The usual position in English law is that the literal interpretation of the contract should be followed, and this is the position followed by the High Court and Court of Appeal in the earlier stages of the case. However, when the case reached the House of Lords (whose judgment was issued this week), Lord Hoffman took a very different view.

Lord Hoffman argued that “something must have gone wrong with the language” in the ARP clause, and argued (on the basis of previous cases) that:

In such a case, the law did not require a court to attribute to the parties an intention which a reasonable person would not have understood them to have had.

“To interpret the definition of ARP in accordance with ordinary rules of syntax makes no commercial sense”, Hoffman continued. It was therefore open the court to apply “red ink” to the contract, rejigging the wording so that it accomplished what the court took to have been the parties’ mutual intention. He continued:

There is not, so to speak, a limit to the amount of red ink or verbal rearrangement or correction which the court is allowed. All that is required is that it should be clear that something has gone wrong with the language and that it should be clear what a reasonable person would have understood the parties to have meant.

There are a number of lessons for those involved in negotiating complex commercial agreements, not least IT contracts, to take from this:

  1. Those drafting clauses of this nature would probably be advised to make sure the agreement makes some reference to the commercial purpose for the clause. It is now clear that the courts will take this into account and, where the actual wording of the contract is wildly at odds with the stated purpose, may allow the commercial purpose to override the literal wording.
  2. One point not mentioned by the court, but which is apparent from the wording of the ARP clause: this looks like an attempt to turn a mathematical formula into legal text. In the process, “something has gone wrong”, as Lord Hoffman put it. There is a reason why mathematicians abandoned prose centuries ago in favour of formulas, and lawyers would do well to learn from them. Where a mathematical formula needs to be applied, why not just put that in the contract rather than attempting a translation into legal prose?
  3. I have no idea of the circumstances in which the ARP clause was worded, but my mental picture is of a hard-fought negotiation, possibly going well into the night, in which words were added into and out of the clause, but no-one had the time or presence of mind to try to put a few numbers through the clause to see if it worked. Those circumstances are almost unavoidable – but lawyers in particular would do well to try to keep a cool head when involved in such negotiations.
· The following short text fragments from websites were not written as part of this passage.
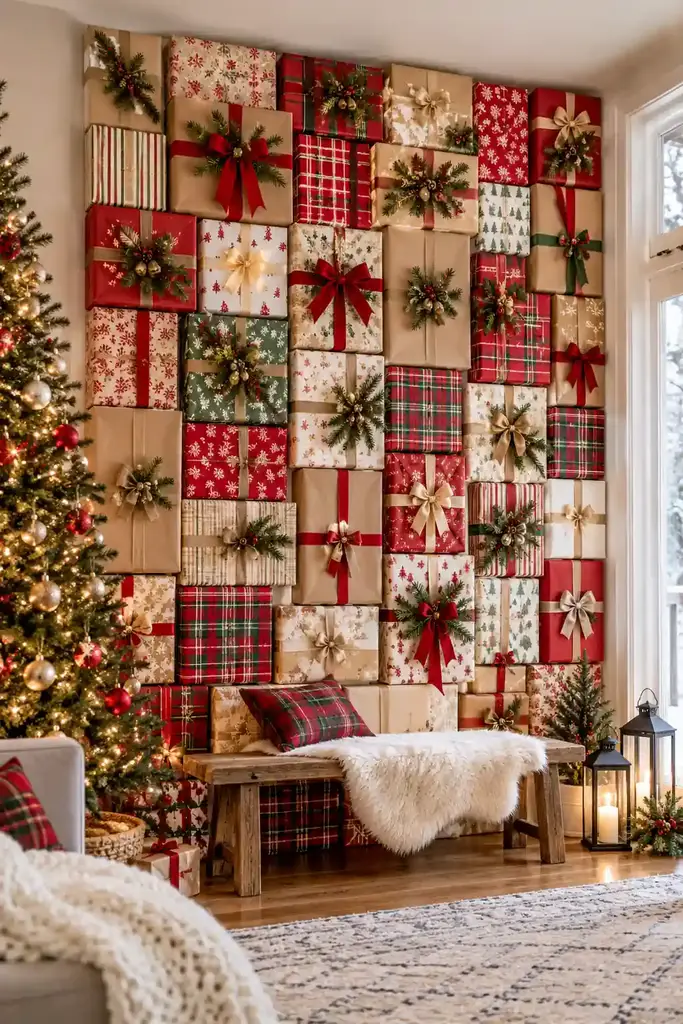 Wrapped gift wall backdrop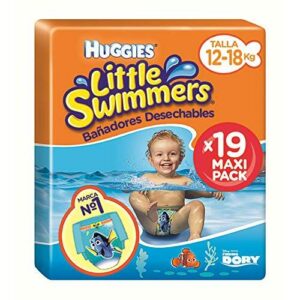 HUGGIES Little Swimmers Pañal Bañador Desechable para bebés, Talla 5-6 (19 Unidad), con barreras anti-escapes para una máxima protección en el agua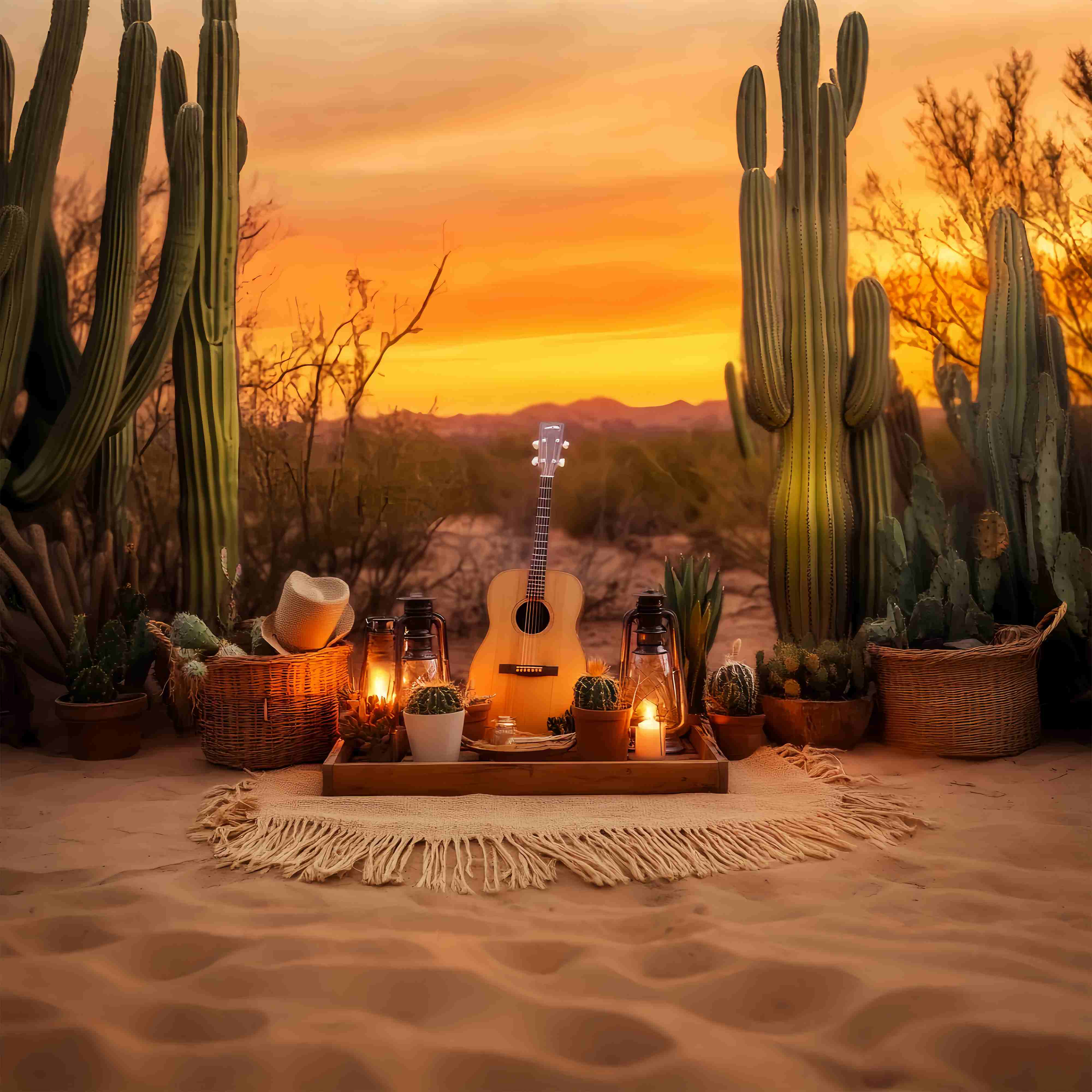 Fall Photo Backdrop Sunset Cactus Picnic Arrangement Cowboy Backdrop LXX58-194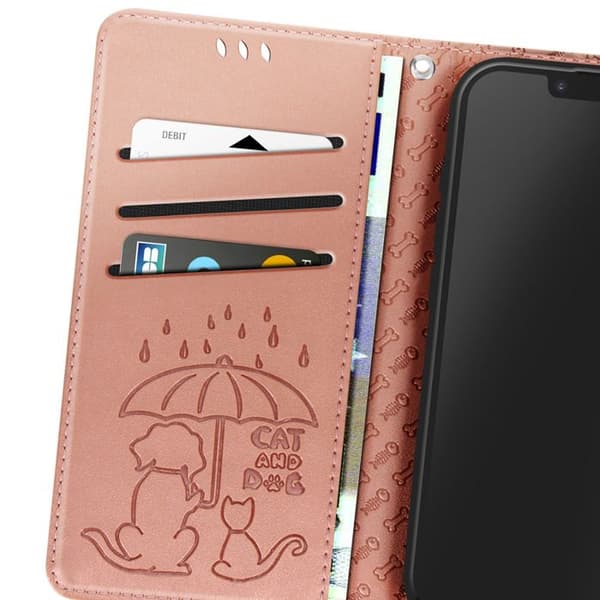 Hus till iPhone 16e Design Katt och Hund Fodral Plånbok Rosen Champagne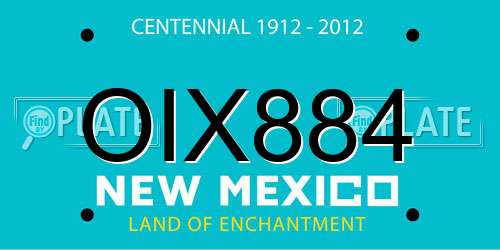 OIX884 New Mexico License Plate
While Persimmon may have won this case, the possibility that they might lose this dispute – at a cost of over £3.5m in additional ARP – may well have caused their lawyers a few sleepless nights, not to mention a claim on their PI insurance.
  4. Finally, does this case (as some have suggested) strike a blow against certainty of contract? This case does provide another weapon for commercial litigators to employ when faced with a clause whose literal interpretation is deeply unhelpful for their client. However, Lord Hoffman’s judgment makes it clear that the court will only depart from the literal interpretation where the literal wording “appear[s] arbitrary and irrational”, not where it merely represents a “bad bargain” for one party.